The Tell-Tale Heart (1843) is one of Edgar Allan Poe’s most famous short stories. It is a chilling psychological study of paranoia, guilt, and the "imp of the perverse"—the self-destructive impulse to confess one's crimes.
Character List
Despite the story's intensity, the cast is extremely small, focusing almost entirely on the narrator's internal state.
* The Unnamed Narrator: The protagonist and murderer. He is highly unreliable, insisting throughout the story that he is perfectly sane while describing increasingly deranged behavior. His primary motivation is an irrational obsession with the old man’s eye.
* The Old Man: The victim. He is described as kind and harmless, with no personal grudge held against him by the narrator. He possesses a "vulture-eye"—a pale blue eye with a film over it—which triggers the narrator's madness.
* The Three Policemen: Minor characters who arrive at the end of the story after a neighbor reports hearing a scream. They are portrayed as polite and unsuspecting, which ironically heightens the narrator's internal agony.

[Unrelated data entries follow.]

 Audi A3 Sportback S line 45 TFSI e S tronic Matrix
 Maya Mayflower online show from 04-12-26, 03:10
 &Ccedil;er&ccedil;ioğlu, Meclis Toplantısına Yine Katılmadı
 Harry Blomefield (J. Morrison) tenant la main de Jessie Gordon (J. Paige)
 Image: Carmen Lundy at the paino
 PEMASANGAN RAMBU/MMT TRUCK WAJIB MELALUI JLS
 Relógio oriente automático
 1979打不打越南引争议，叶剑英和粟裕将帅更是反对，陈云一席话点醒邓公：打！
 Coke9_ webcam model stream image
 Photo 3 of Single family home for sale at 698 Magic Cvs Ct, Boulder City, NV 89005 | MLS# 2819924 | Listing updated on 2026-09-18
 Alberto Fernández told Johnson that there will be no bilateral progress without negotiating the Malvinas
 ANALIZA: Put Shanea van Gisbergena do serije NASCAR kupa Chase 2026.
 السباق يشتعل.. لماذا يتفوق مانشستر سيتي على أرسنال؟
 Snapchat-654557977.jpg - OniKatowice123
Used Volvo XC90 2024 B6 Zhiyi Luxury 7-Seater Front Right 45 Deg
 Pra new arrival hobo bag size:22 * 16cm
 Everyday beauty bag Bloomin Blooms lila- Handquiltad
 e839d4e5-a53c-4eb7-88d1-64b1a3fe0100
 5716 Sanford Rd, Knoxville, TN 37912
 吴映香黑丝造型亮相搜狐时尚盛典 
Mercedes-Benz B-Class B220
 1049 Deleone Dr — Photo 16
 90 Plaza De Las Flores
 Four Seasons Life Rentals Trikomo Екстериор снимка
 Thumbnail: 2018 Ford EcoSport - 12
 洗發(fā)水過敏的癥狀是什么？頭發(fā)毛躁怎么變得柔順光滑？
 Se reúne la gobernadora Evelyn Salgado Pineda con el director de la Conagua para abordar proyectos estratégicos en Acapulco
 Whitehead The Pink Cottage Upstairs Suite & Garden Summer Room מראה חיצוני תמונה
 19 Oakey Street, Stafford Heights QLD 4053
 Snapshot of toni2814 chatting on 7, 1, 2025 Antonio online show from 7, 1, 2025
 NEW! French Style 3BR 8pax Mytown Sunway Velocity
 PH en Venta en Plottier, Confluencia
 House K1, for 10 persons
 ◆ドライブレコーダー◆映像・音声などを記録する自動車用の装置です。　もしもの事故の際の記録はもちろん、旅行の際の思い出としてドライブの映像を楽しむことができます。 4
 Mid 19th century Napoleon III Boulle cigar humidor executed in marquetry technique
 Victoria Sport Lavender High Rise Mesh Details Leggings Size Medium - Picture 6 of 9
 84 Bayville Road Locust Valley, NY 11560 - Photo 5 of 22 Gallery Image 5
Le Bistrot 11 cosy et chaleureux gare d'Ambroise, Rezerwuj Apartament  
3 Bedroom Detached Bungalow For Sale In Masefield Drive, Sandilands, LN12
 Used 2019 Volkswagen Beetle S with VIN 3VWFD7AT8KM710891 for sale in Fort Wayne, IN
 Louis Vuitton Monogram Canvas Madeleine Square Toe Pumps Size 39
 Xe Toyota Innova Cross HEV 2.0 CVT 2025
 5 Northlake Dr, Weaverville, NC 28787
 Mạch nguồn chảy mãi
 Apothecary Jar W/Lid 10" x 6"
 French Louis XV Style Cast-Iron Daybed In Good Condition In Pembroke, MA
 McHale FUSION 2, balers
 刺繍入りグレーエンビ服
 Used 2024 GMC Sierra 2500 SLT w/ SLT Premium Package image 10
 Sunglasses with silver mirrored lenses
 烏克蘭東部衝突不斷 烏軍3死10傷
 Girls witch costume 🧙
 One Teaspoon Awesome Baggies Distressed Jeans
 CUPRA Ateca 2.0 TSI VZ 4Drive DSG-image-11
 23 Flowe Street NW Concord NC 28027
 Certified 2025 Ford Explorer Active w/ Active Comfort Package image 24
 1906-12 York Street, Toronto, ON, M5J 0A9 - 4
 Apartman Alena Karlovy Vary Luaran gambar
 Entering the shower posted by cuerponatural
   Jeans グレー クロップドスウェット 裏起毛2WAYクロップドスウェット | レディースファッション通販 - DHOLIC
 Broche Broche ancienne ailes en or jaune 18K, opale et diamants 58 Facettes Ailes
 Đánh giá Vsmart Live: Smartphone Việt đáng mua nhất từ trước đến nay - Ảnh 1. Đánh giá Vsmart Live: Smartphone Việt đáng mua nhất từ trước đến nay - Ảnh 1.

* A Neighbor (Off-screen): Mentioned as the person who heard the old man's scream and alerted the authorities.
Detailed Summary
The Obsession
The story opens with the narrator addressing the reader, admitting he is "very, very dreadfully nervous" but fiercely denying that he is mad. To prove his sanity, he recounts a murder he committed. He claims he loved the old man, but he could not stand the man's "vulture eye." This physical defect filled the narrator with such "fury" that he decided to take the old man's life to rid himself of the gaze forever.
The Nightly Ritual
For seven nights, the narrator sneaks into the old man’s room at midnight. He moves with extreme caution, taking an hour just to place his head through the door. Each night, he shines a tiny sliver of light from a dark lantern onto the "evil eye," but because the eye is always closed, he cannot bring himself to kill the man.
The Murder
On the eighth night, the narrator slips and makes a noise, waking the old man. For an hour, the old man sits up in bed, frozen in terror. The narrator claims to "pity" the man because he knows the sound of mortal fear.
Eventually, the narrator opens his lantern, and the light falls perfectly on the wide-open vulture eye. He then hears a low, dull, quick sound—like a watch enveloped in cotton. He identifies this as the beating of the old man's heart. Driven to a frenzy by the sound, the narrator leaps into the room, smothers the man with his own heavy bed, and waits until the heart stops beating.
Concealment and Guilt
The narrator dismembers the body in a tub to avoid leaving any bloodstains and hides the remains beneath the floorboards of the bedroom. He is so confident in his "sagacity" (wisdom) that when three police officers arrive at 4:00 AM, he welcomes them in with a smile. He leads them directly into the bedroom where the body is hidden and even places his own chair directly over the spot where the corpse lies.
The Breakdown
As the narrator chats with the officers, he begins to hear a faint ringing. The sound grows louder and more distinct—it is the same "low, dull, quick sound" he heard before the murder. He becomes convinced it is the old man's heart beating from beneath the floorboards.
The narrator grows frantic, pacing the room and speaking loudly to drown out the noise, but the sound only increases in volume. He becomes certain the police hear it too and are merely mocking his agony with their silence. Unable to endure the "hypocritical smiles" any longer, he shrieks his confession, ordering the officers to tear up the planks and reveal the "hideous heart."